This invention has several advantages, e.g. to simplify for the jitter buffer management to fulfil the minimum performance requirement for IMS telephony specified in 3GPP TS 26.114, and to secure a good trade off between quality and delay, by implementing this invention in a VoIP client. Further, the invention provides means to manage a jitter buffer without any knowledge about the actual transmission delay, as well as enabling a precise and reliable estimation of the required number of audio frames needed in a jitter buffer to achieve a certain loss rate, i.e. late audio frame rate. The clock skew between a sender and a receiver will only have a small impact on the estimation, and according to a further embodiment of the invention, the client's play-out state is considered when the jitter buffer size is estimated in order to find the minimum size. Additionally, the low complexity and memory requirements make this invention easy to introduce in mobile terminals.
Since a common characteristic for wireless systems is the high intrinsic delay, and the end-to-end delay requirement for VoIP is the same regardless of the access technology, a wireless system has less time to perform de-jittering than wireline systems. By using this invention, the play-out delay in the jitter buffer can be minimised.
While the invention has been described with reference to specific exemplary embodiments, the description is in general only intended to illustrate the inventive concept and should not be taken as limiting the scope of the invention.

Claims

1-25. (canceled)

26. A method in a receiving terminal of estimating a required jitter buffer depth for a received audio frame of an IP-packet, the method comprising:

for each received audio frame, locating the fastest previously received audio frame by finding an index of the frame transmitted with the lowest transmission delay among a range of the last and previously received audio frames, using stored data;

calculating an estimated required play-out delay for said received audio frame using stored data associated with the received audio frame and with said located fastest previously received audio frame;

transforming said estimated required play-out delay into a required jitter buffer depth.

27. A method according to claim 26, wherein the step of calculating an estimated play-out delay comprises a determination of an arrival time difference between the received audio frame and the fastest previously received audio frame.

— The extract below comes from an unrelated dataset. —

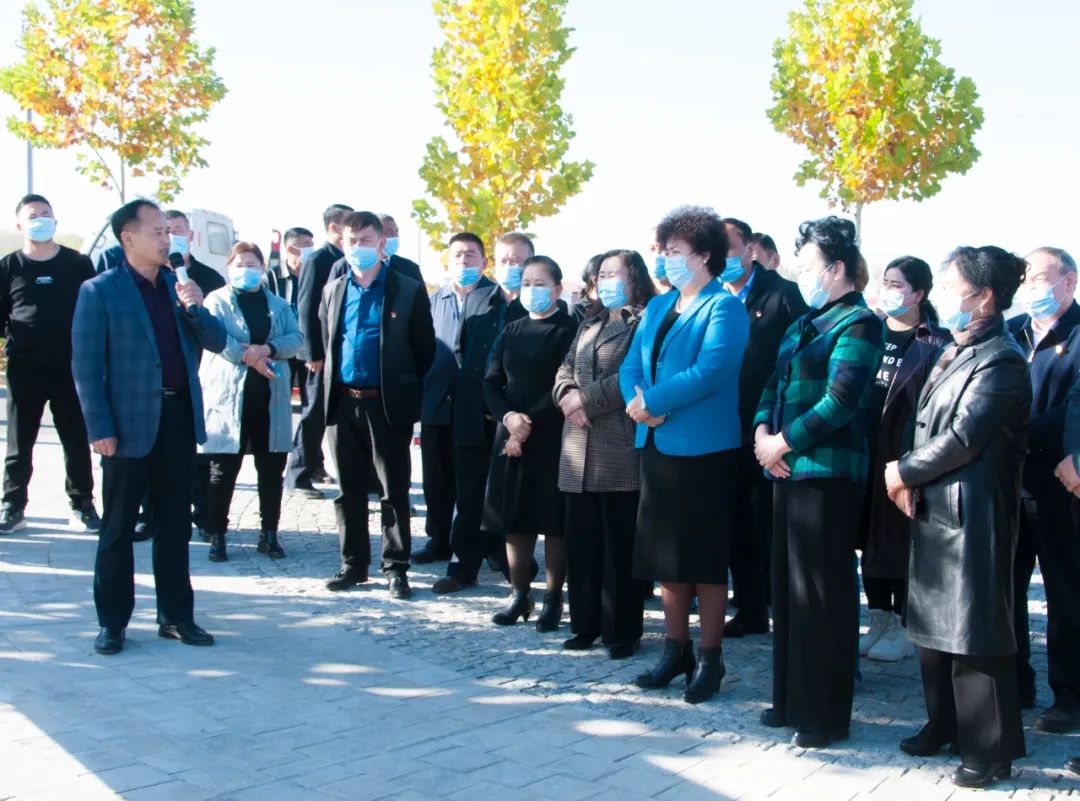 巩留县领导调研,市人大代表到我县开展视察活动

28. A method according to claim 27, wherein the step of calculating an estimated play-out delay further comprises a determination of the difference between said arrival time difference and a time stamp difference between the received audio frame and the fastest previously received audio frame.

29. A method according to claim 26, wherein the step of transforming said estimated play-out delay into a required jitter buffer depth comprises a determination of the relationship between the number of samples of the estimated play-out delay and the number of samples in the received audio frame.

30. A method according to claim 26, further comprising the step of storing the arrival time and the time stamp of each received audio frame.

31. A method according to claim 30, wherein the time stamp for the audio frames of a packet containing multiple audio frames is calculated by adding one additional audio frame length to the RTP packet time stamp for each received audio frame.

32. A method according to claim 26, wherein, if the play-out was ongoing when at least the fastest previously received audio frame arrived, then said arrival time difference in the step of calculating an estimated play-out delay is determined as the difference between the arrival time of the received audio frame and the earliest play-out time of said fastest previously received audio frame.

33. A method according to claim 26, wherein the current play-out state is considered in the transformation of the calculated estimated required play-out delay into a required jitter buffer depth.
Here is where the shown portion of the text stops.